### Problem statement:
Every picture stays out; everything else in the listing below is to be returned exactly.

### Exercise data:
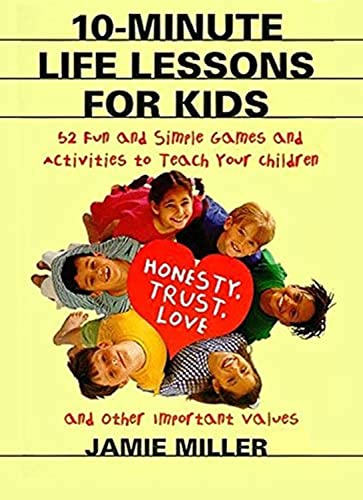 Stock image for 10-Minute Life Lessons for Kids: 52 Fun and Simple Games and Activities to Teach Your Child Honesty, Trust, Love, and Other Important Values for sale by SecondSale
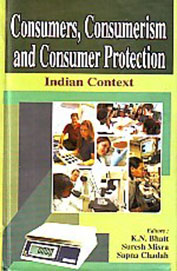 Consumers Consumerism & Consumer Protection Indian Context
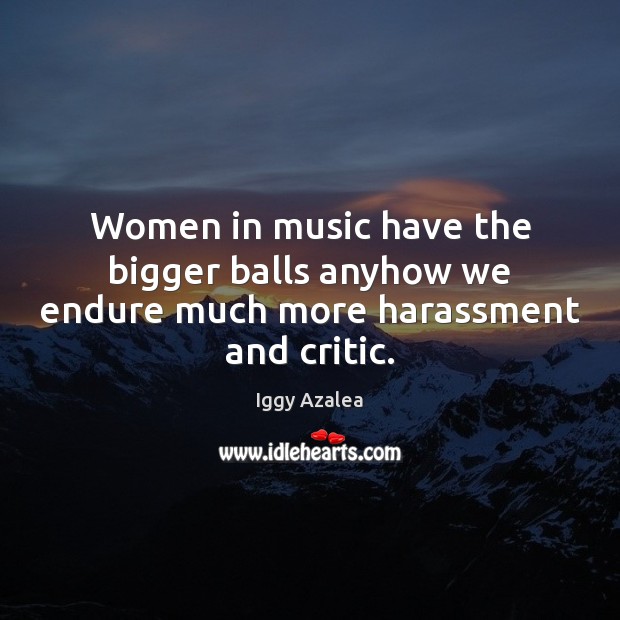 Women in music have the bigger balls anyhow we endure much more harassment and critic. Iggy Azalea Picture Quote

### Solution for this exercise:
 Stock image for 10-Minute Life Lessons for Kids: 52 Fun and Simple Games and Activities to Teach Your Child Honesty, Trust, Love, and Other Important Values for sale by SecondSale
 Consumers Consumerism & Consumer Protection Indian Context
 Women in music have the bigger balls anyhow we endure much more harassment and critic. Iggy Azalea Picture Quote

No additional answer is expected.